◆ Records provided ◆
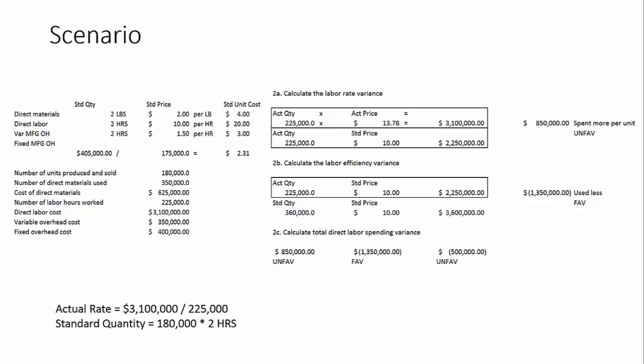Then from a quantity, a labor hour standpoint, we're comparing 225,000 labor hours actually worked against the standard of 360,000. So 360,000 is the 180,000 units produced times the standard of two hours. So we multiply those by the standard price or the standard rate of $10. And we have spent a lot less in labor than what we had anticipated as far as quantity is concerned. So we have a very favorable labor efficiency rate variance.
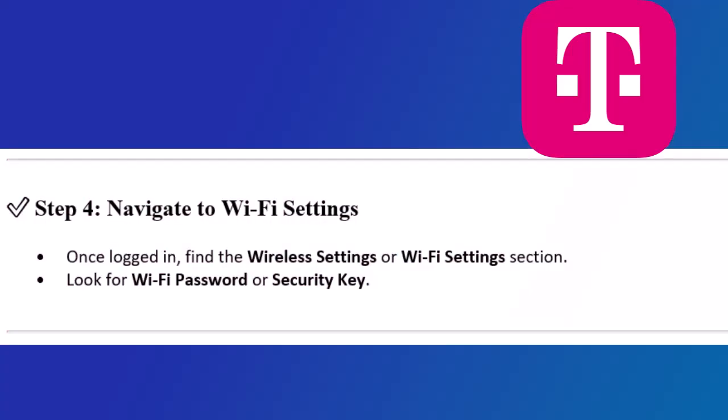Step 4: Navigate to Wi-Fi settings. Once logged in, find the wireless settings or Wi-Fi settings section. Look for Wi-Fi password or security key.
...
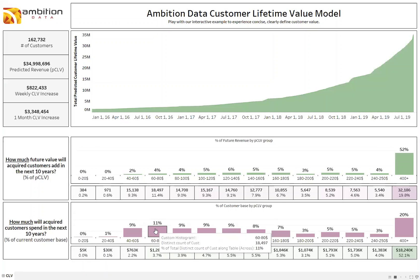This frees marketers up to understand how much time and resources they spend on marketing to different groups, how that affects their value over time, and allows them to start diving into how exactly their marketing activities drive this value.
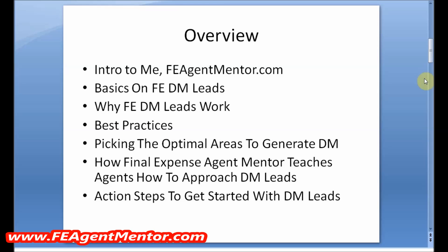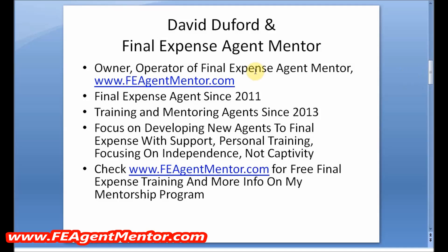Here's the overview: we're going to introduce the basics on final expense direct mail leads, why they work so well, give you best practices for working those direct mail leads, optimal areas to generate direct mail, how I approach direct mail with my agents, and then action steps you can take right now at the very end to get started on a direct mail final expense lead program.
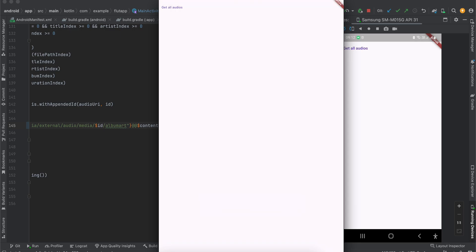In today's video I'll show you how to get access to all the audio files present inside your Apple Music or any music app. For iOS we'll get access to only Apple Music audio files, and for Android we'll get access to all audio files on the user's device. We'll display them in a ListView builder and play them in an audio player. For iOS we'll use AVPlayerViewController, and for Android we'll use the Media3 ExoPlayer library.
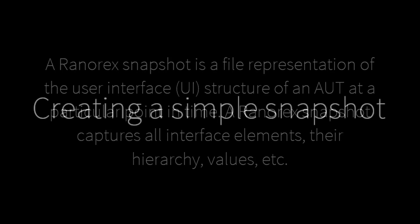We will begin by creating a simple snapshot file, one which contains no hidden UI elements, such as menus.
...
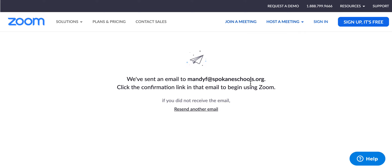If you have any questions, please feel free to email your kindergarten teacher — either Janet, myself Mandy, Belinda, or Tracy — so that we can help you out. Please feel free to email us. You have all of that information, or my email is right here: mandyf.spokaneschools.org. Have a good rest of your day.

◆ Requirement ◆
Starting with the line that has "Then from a" and ending with the line that has "Step 4: Navigate", repeat the lines above exactly, omitting every picture.

◆ Response to this exercise ◆
Then from a quantity, a labor hour standpoint, we're comparing 225,000 labor hours actually worked against the standard of 360,000. So 360,000 is the 180,000 units produced times the standard of two hours. So we multiply those by the standard price or the standard rate of $10. And we have spent a lot less in labor than what we had anticipated as far as quantity is concerned. So we have a very favorable labor efficiency rate variance.
Step 4: Navigate to Wi-Fi settings. Once logged in, find the wireless settings or Wi-Fi settings section. Look for Wi-Fi password or security key.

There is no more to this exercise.